# Requirement
For this exercise, please transcribe exactly and only the lines from the one containing "LOREO 6106 Germany" through the end of the material, both ends included, without pictures.

# Recorded information

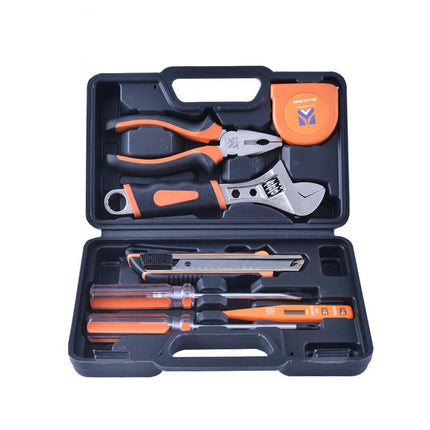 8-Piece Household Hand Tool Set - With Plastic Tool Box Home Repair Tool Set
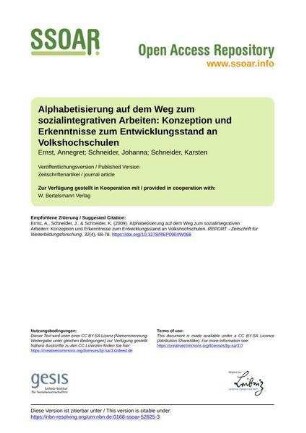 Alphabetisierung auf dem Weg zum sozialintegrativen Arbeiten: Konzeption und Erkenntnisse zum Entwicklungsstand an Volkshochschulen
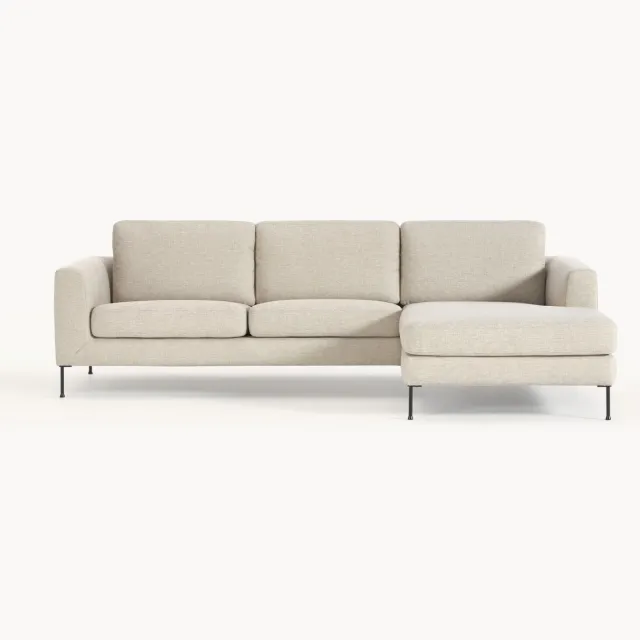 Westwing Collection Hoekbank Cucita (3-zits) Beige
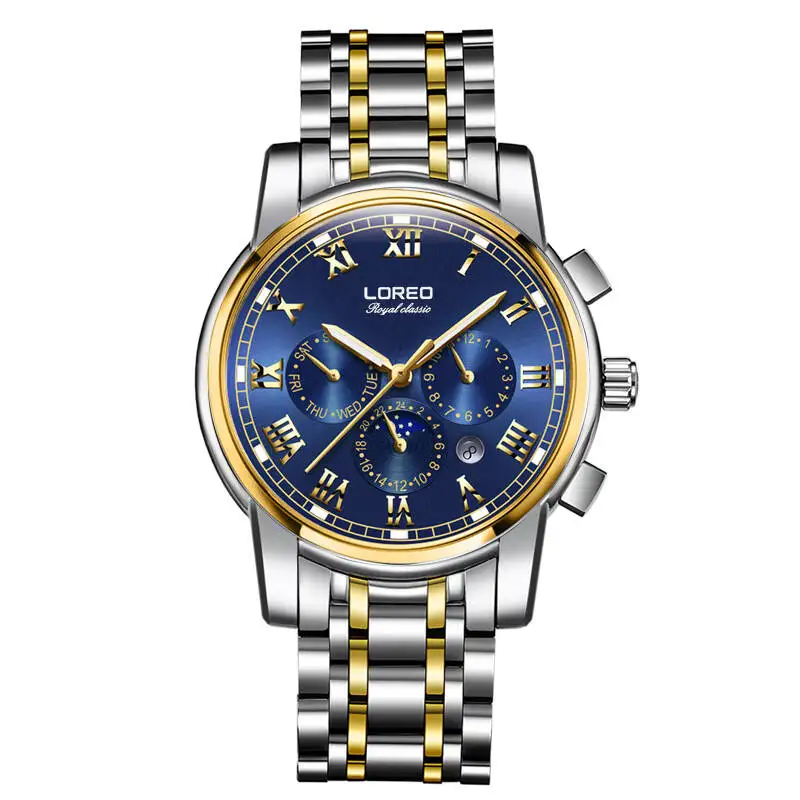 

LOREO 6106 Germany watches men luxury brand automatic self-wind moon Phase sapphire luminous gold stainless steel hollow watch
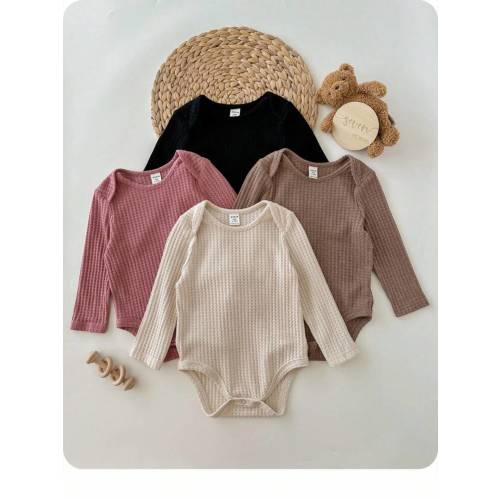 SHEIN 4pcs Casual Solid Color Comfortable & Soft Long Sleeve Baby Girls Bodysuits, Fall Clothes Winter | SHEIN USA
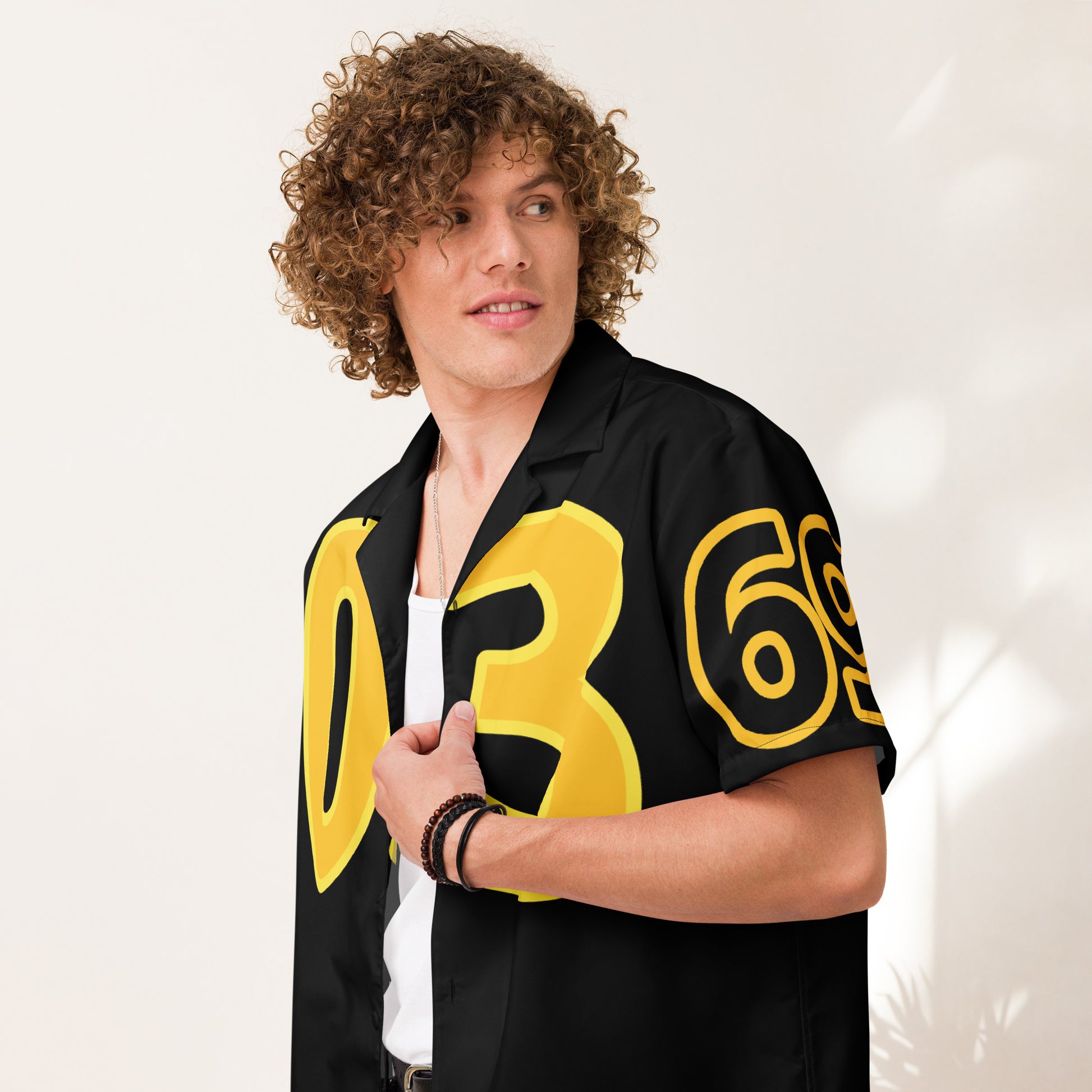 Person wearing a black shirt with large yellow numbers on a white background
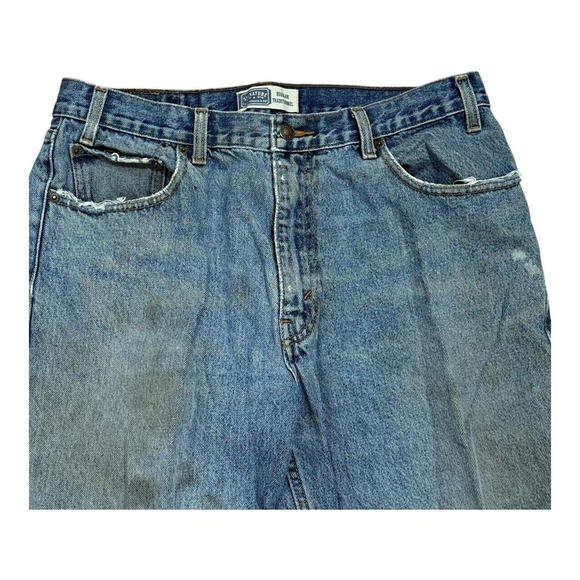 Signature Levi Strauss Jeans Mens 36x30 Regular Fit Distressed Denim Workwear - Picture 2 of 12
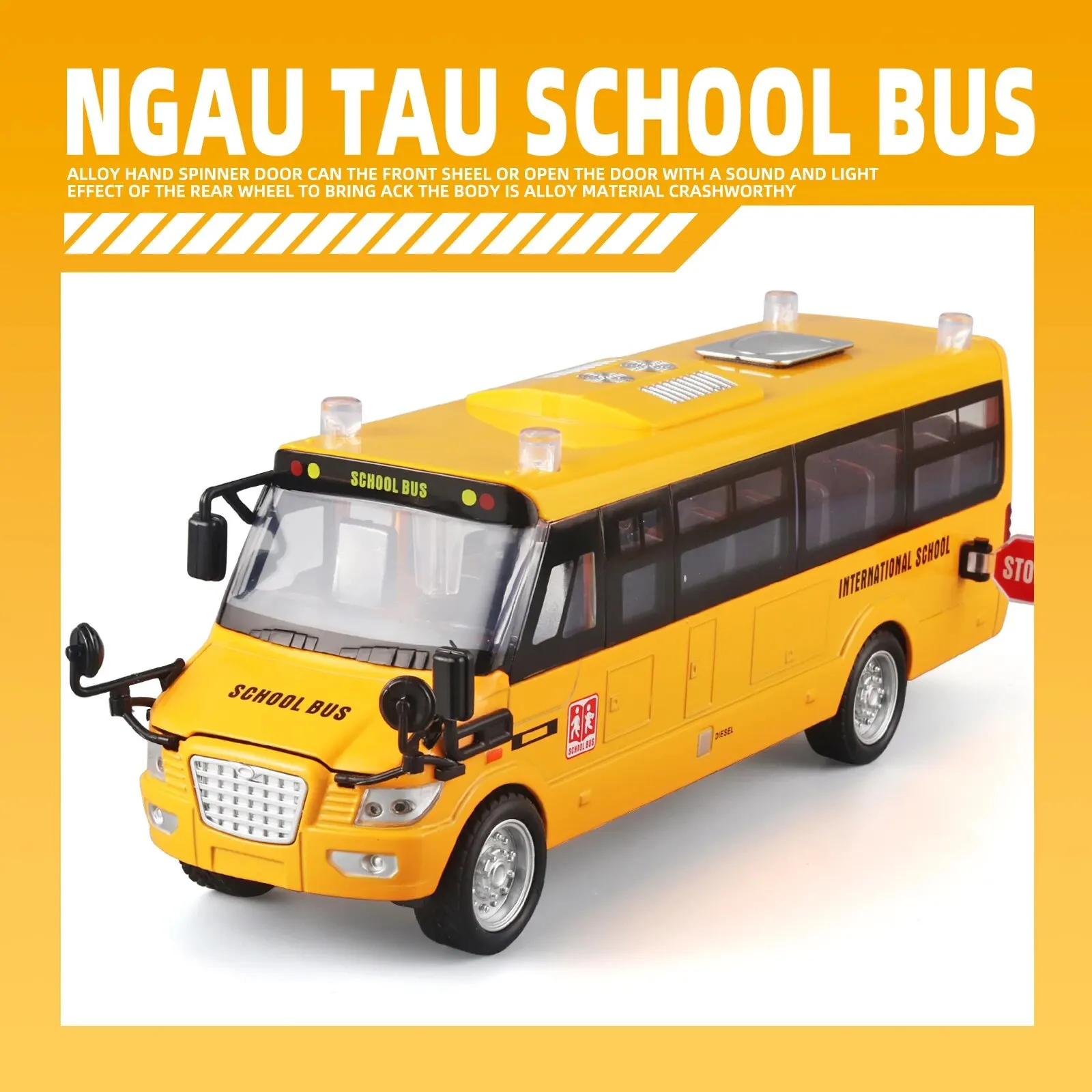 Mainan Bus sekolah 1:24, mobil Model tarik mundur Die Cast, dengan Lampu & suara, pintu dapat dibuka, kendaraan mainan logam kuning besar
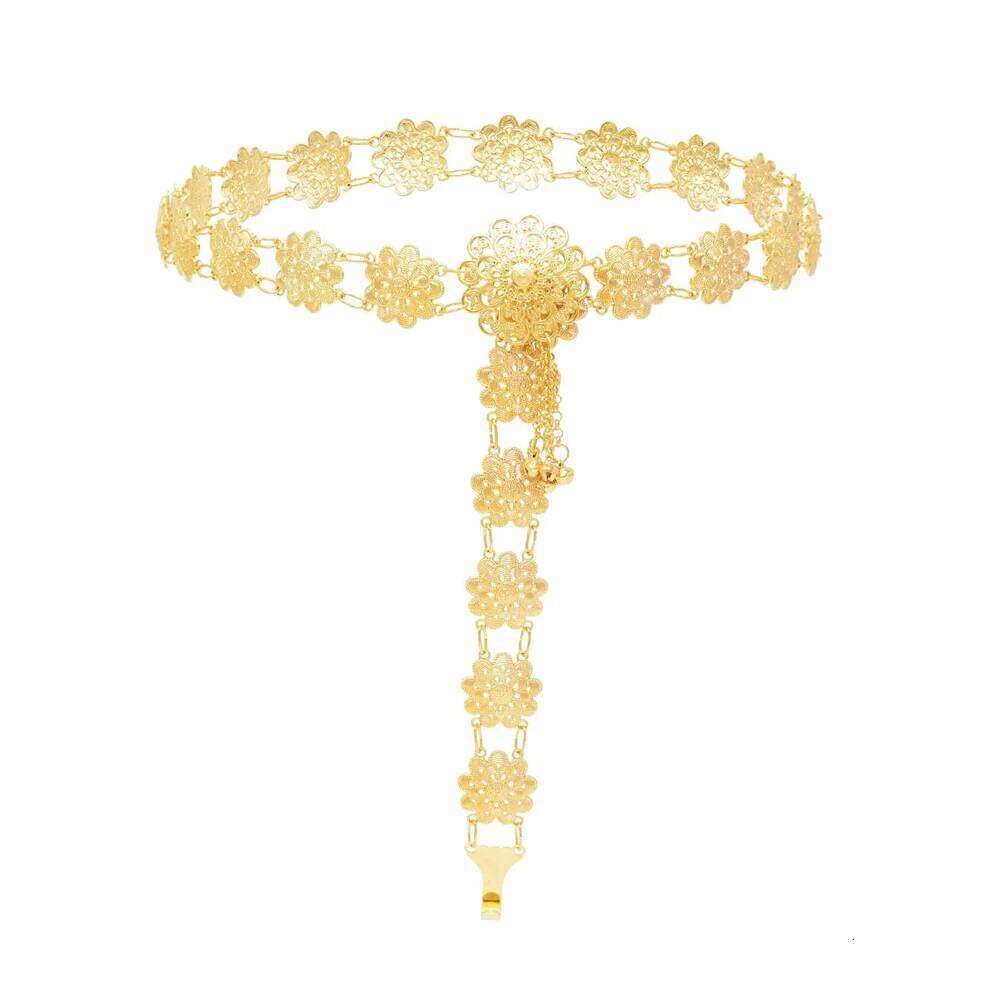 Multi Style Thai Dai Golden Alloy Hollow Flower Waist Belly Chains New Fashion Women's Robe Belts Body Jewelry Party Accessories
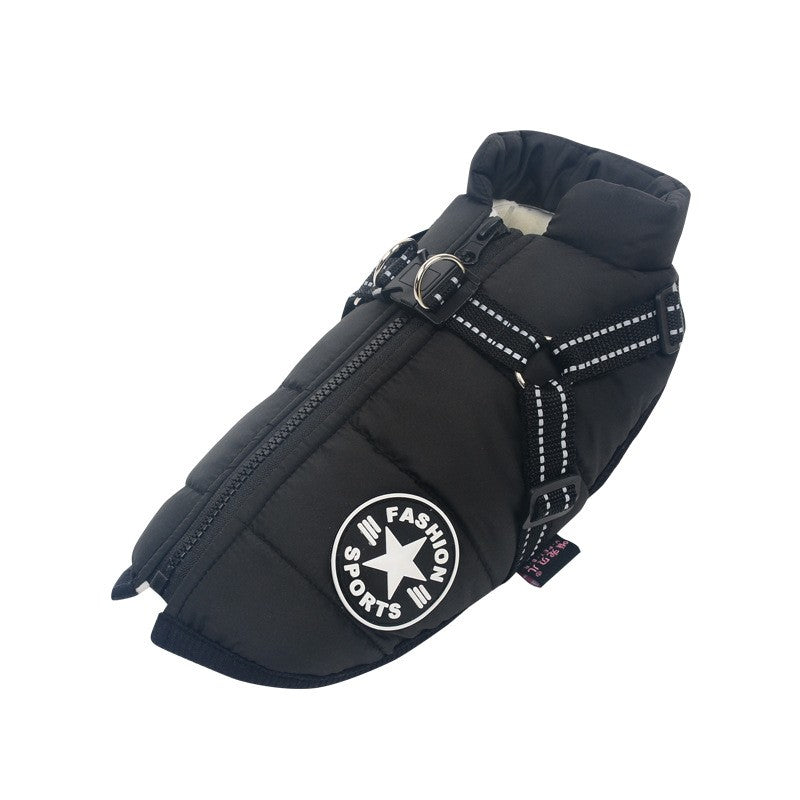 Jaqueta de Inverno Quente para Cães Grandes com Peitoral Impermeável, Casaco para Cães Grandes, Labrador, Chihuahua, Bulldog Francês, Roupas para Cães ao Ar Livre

# Exercise response
LOREO 6106 Germany watches men luxury brand automatic self-wind moon Phase sapphire luminous gold stainless steel hollow watch
 SHEIN 4pcs Casual Solid Color Comfortable & Soft Long Sleeve Baby Girls Bodysuits, Fall Clothes Winter | SHEIN USA
 Person wearing a black shirt with large yellow numbers on a white background
 Signature Levi Strauss Jeans Mens 36x30 Regular Fit Distressed Denim Workwear - Picture 2 of 12
 Mainan Bus sekolah 1:24, mobil Model tarik mundur Die Cast, dengan Lampu & suara, pintu dapat dibuka, kendaraan mainan logam kuning besar
 Multi Style Thai Dai Golden Alloy Hollow Flower Waist Belly Chains New Fashion Women's Robe Belts Body Jewelry Party Accessories
 Jaqueta de Inverno Quente para Cães Grandes com Peitoral Impermeável, Casaco para Cães Grandes, Labrador, Chihuahua, Bulldog Francês, Roupas para Cães ao Ar Livre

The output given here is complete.